Data provided below:

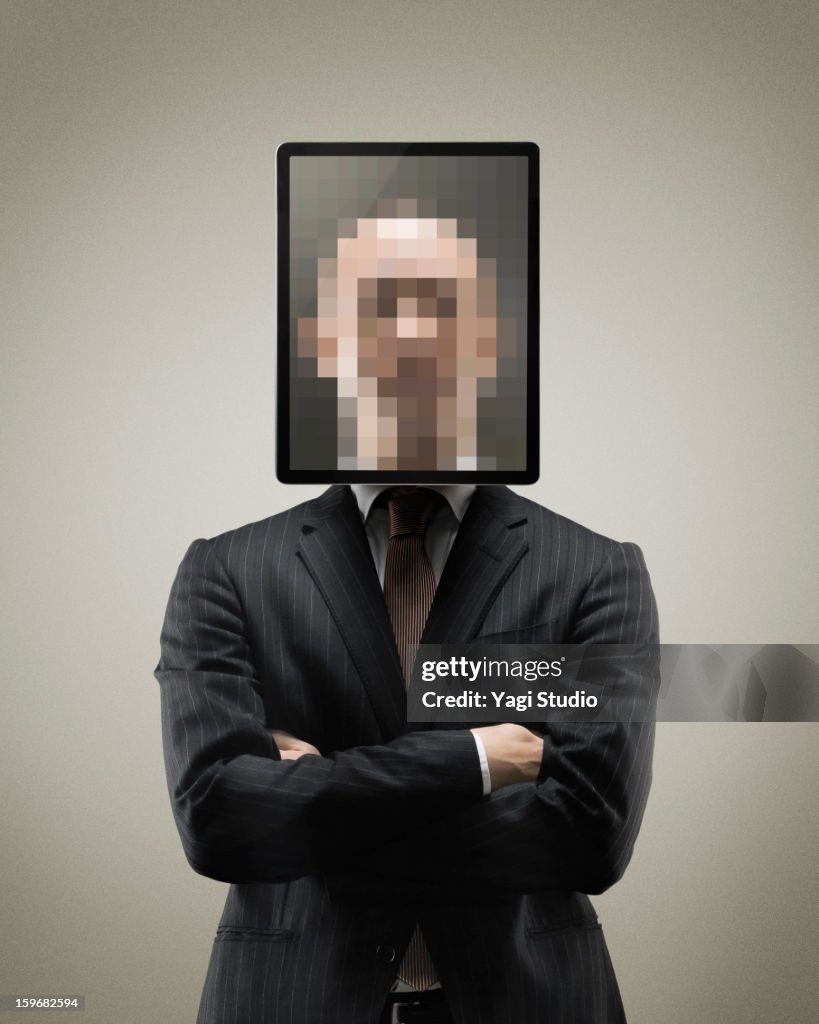 Portrait of man with digital tablet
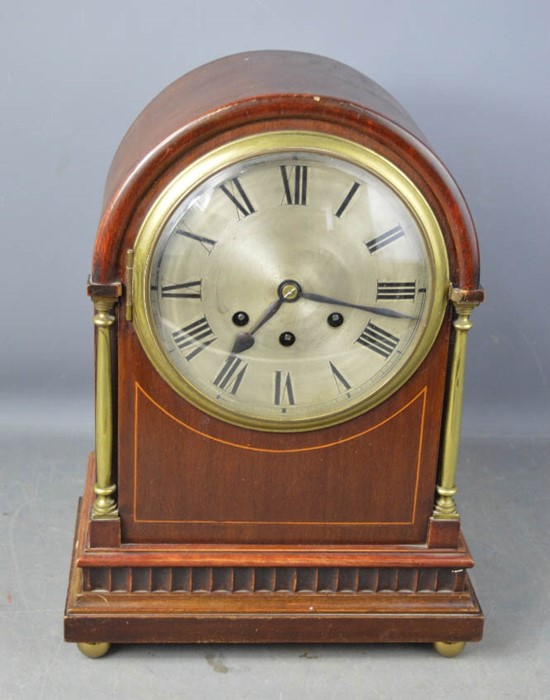 A 19th century mahogany cased dome top mantle clock, with Roman Numeral dial, brass columns, ball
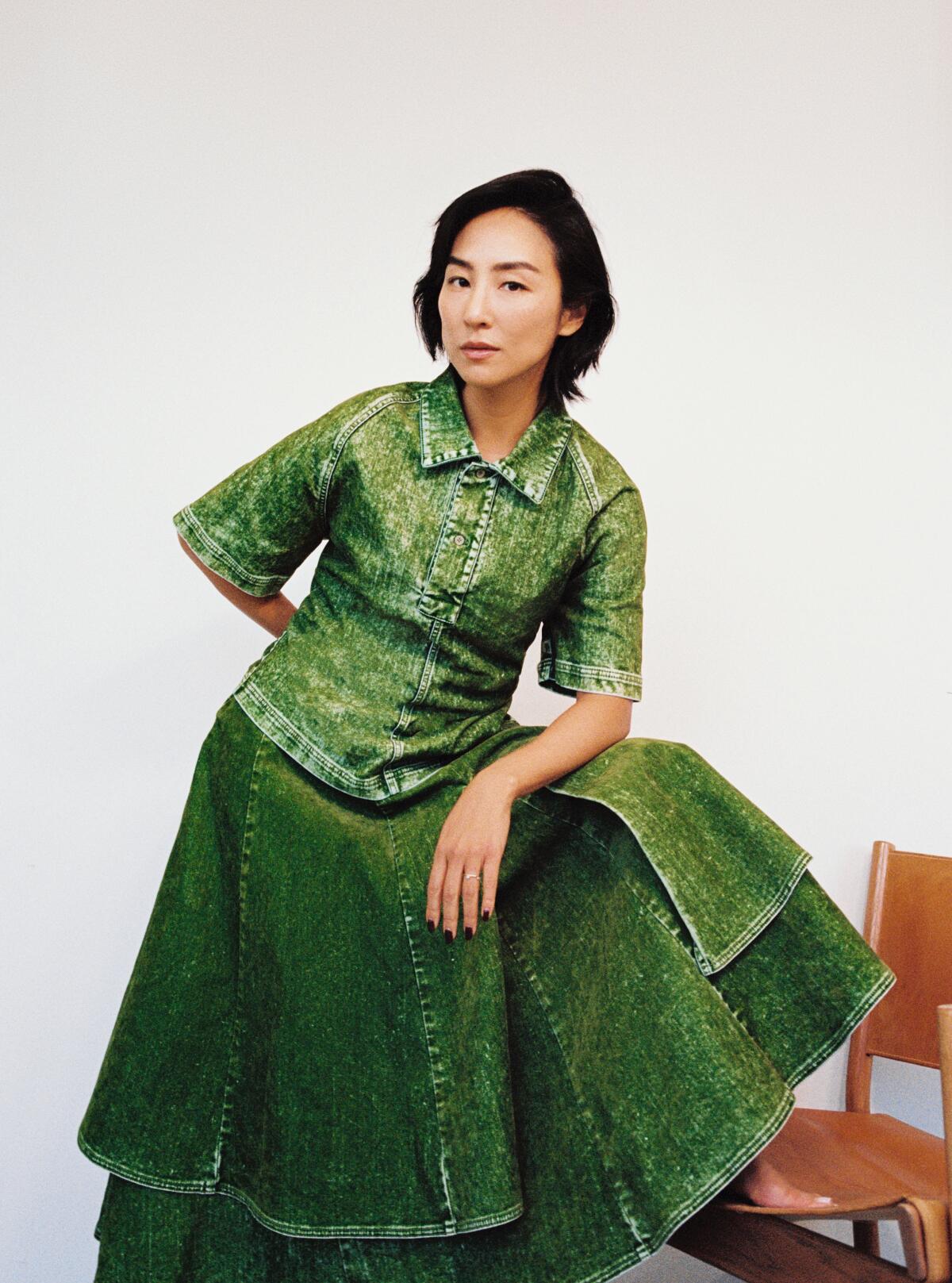 Greta Lee rests one foot on a chair, leaning onto that raised leg for a portrait.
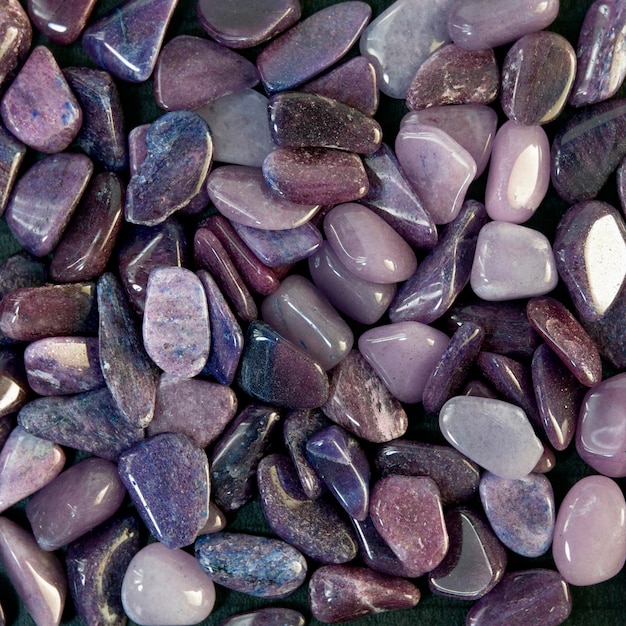 Macroshooting abstract background selection of purple and grey coloured pebbles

End of Data provided.

*Task requirements*:
Each line from the one containing "A 19th century" to the final line of the data must be printed exactly, both included, with nothing else and no pictures.

*Written response*:
 A 19th century mahogany cased dome top mantle clock, with Roman Numeral dial, brass columns, ball
 Greta Lee rests one foot on a chair, leaning onto that raised leg for a portrait.
 Macroshooting abstract background selection of purple and grey coloured pebbles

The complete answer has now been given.